Does it have to be writeStream? Can it be readStream?

Oh, readStream cannot start a streaming query.

Yeah, for now, every streaming query should be triggered via DataStreamWriter.start().

viirya

It looks like a more correct error for users.

cloud-fan · 2025-02-20T07:32:51Z

sql/core/src/main/scala/org/apache/spark/sql/execution/QueryExecution.scala

+      // Since we are about to execute the plan, the plan shouldn't have a marker node to be
+      // materialized during microbatch planning.

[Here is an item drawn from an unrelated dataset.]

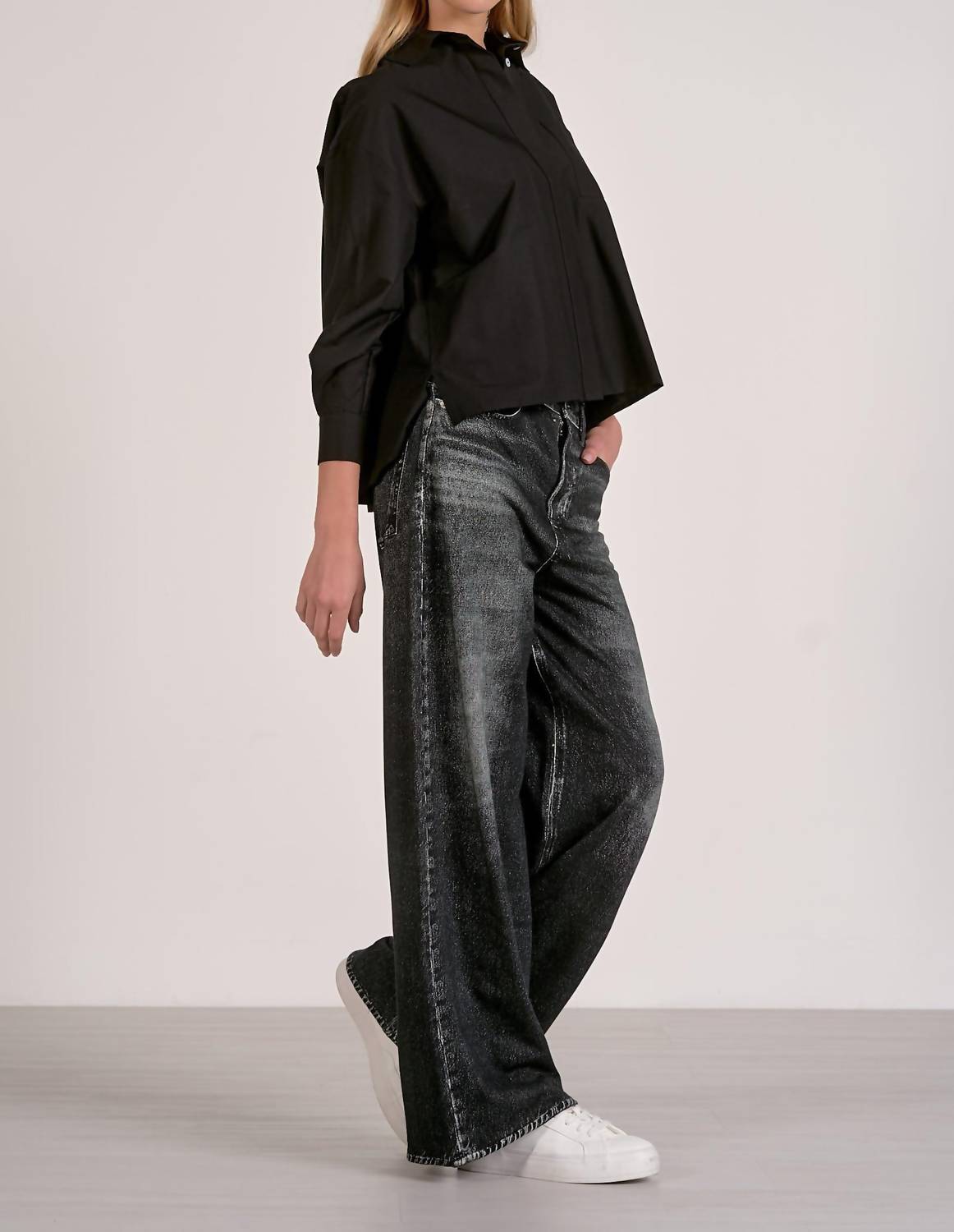 Elan - Elastic Waistband Jeans With Pockets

If the plan has a marker node, it is highly
+      // likely that users put streaming sources in a batch query.
+      // This case brings problem before reaching the check in UnsupportedOperationChecker,


I think the eager command execution is similar to a normal query execution, why can't it hit UnsupportedOperationChecker?

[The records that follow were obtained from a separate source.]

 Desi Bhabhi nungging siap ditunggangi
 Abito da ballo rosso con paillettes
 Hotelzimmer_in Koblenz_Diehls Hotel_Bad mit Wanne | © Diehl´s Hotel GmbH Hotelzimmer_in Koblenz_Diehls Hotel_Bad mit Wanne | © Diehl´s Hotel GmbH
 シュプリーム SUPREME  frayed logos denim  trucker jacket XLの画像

Because assertSupported is not called for eagerly executed command?

This is actually coupled with "explain". The test in QueryExecutionSuite ends up with StackOverflowError. I'll leave a PR comment what happens in the test suite.

https://github.com/apache/spark/pull/50015/files#r1963056691

HeartSaVioR · 2025-02-20T08:18:42Z

sql/core/src/test/scala/org/apache/spark/sql/execution/QueryExecutionSuite.scala

+      withTable("output") {
+        val ex = intercept[AnalysisException] {
+          // Creates a table from streaming source with batch query. This should fail.
+          spark.sql("CREATE TABLE output AS SELECT * FROM s")


So when this query is executed, following is happening:

CreateDataSourceTableAsSelectCommand is executed. This reaches assertSupported, but it's a leaf node and it hides the query, hence the assertion is no-op.

It triggers InsertIntoHadoopFsRelationCommand. This exposes the query as child so we expect assertSupported is triggered, but the problem happens on creating "explainString" (planDesc).

When the query is determined as streaming (any leaf node is string), Spark creates IncrementalExecution (since there are streaming specific rules being defined there) to create executed plan, which "disabled" assertSupported(). This is not a bug, because we shouldn't check the streaming query with batch query's criteria. It should have been checked with streaming query's criteria before.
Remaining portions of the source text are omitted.